Beat Hazard – Recensione Beat Hazard

I giochi musicali più popolari, quali Beatmania, Guitar Hero, Singstar o Rock Band, sono caratterizzati da particolari periferiche che simulano svariati strumenti. Ma esiste modo di potersi divertire con titoli analoghi senza dover spendere centinaia di euro in periferiche? La risposta è data da prodotti nati quasi per esperimento ma diventati immensi successi grazie alla loro ingegnosità: stiamo parlando di giochi quali Audiosurf e Osu!, che nella loro semplicità si rivelano esperienze spensierate, divertenti e, per loro natura, potenzialmente infiniti. Ci apprestiamo qui a presentarvi un nuovo esponente di questa categoria, disponibile su pc via Steam: Beat Hazard.

La musica è il nemico

Vi ricordate il caro vecchio Asteroid? Un gioco semplice in cui lo scopo era muovere un’astronave stilizzata in un’area delimitata (ovvero lo schermo) evitando e distruggendo asteroidi. Questo semplice concetto ha dato l’ispirazione a più relativamente recenti successi indie quali Geometry Wars, che fa dell’immediatezza e dello stile grafico i suoi punti di forza. Anche Beat Hazard è perfettamente inquadrabile come remake futuristico di Asteroid: uno spazio circoscritto, una nave da guidare, tanti asteroidi e navi che tentano di distruggerci. Ma c’è una peculiarità: il gioco varia in base alla musica. Ricordate come in Audiosurf è possibile utilizzare ogni file audio del nostro hard disk, generando di volta in volta tracciati diversi? L’analogia è forte: impostata una difficoltà che pone dei parametri limite alla partita, il resto è tutto generato secondo le onde sonore con conseguenze (im)prevedibili: i brani più lenti generano effetti grafici meno intensi, meno nemici, meno azione, e viceversa quelli più veloci, che finiranno con "intasare" la vostra visuale.

Al popolo gli occhi

Se è vero che un’immagine vale più di mille parole, figuriamoci un video! Per questo motivo abbiamo deciso di mostrarvi una tipica sessione di gioco al fine di potervi dare un’idea più concreta dell’essenza di Beat Hazard. Si tratta di una partita a difficoltà Hardcore, la più difficile dopo Hazard. Ricordiamo che è disponibile anche una modalità "Resistenza" ove lo scopo sarà sopravvivere a più brani consecutivi possibile.

 

Nota aggiuntiva: il brano utilizzato è la cover rock di Force Your Way eseguita dai Black Mages, che probabilmente gli amanti di Final Fantasy riconosceranno al volo, visto che proviene dall’ottavo episodio della saga

A noi il giudizio

Non c’è bisogno di molte parole, il video si descrive da sé.

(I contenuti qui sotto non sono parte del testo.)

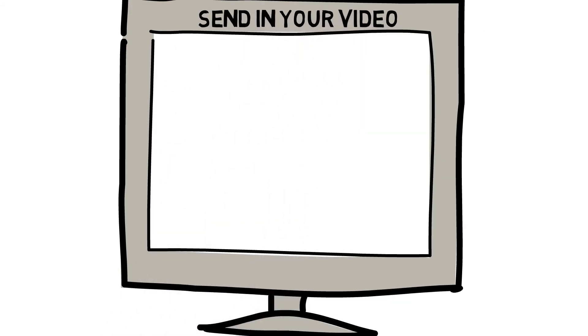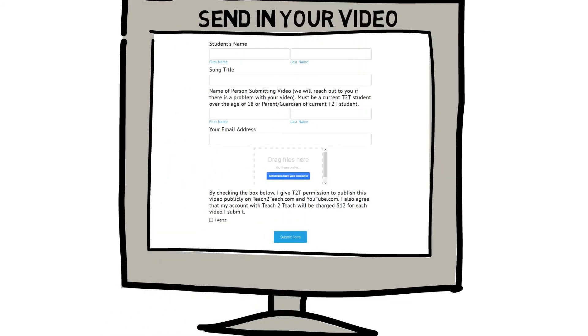Send in your video before the video due deadline. You can do that by filling out the form and uploading the video file at teach2teach.com/recitals.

Per questo motivo, passiamo immediatamente a riassumere cosa ci ha convinto e cosa no: l’immediatezza del titolo lo rende appetibile a tutti, rendendolo ideale per sessioni di gioco brevi tra un impegno e l’altro, ma può anche essere un discreto impegno per gli appassionati che desiderano una vera sfida. La longevità del titolo è potenzialmente illimitata, fintanto che avrete brani non correrete il rischio di rimanere senza nuovi livelli. Ciò che non convince è forse l’eccessiva semplicità: si sarebbe potuto fare di più, inserire più nemici, più modalità, variando un’offerta che in fin dei conti non è poi così vasta. Inoltre è da notare come talvolta la quantità eccessiva di elementi luminosi nello schermo renda difficile se non impossibile l’identificazione degli oggetti. Detto ciò: se amate questo genere di esperienze, Beat Hazard fa per voi, mentre per tutti gli altri potrebbe essere un acquisto valido se desiderate qualcosa di spensierato da giocare nei momenti vuoti delle vostre giornate.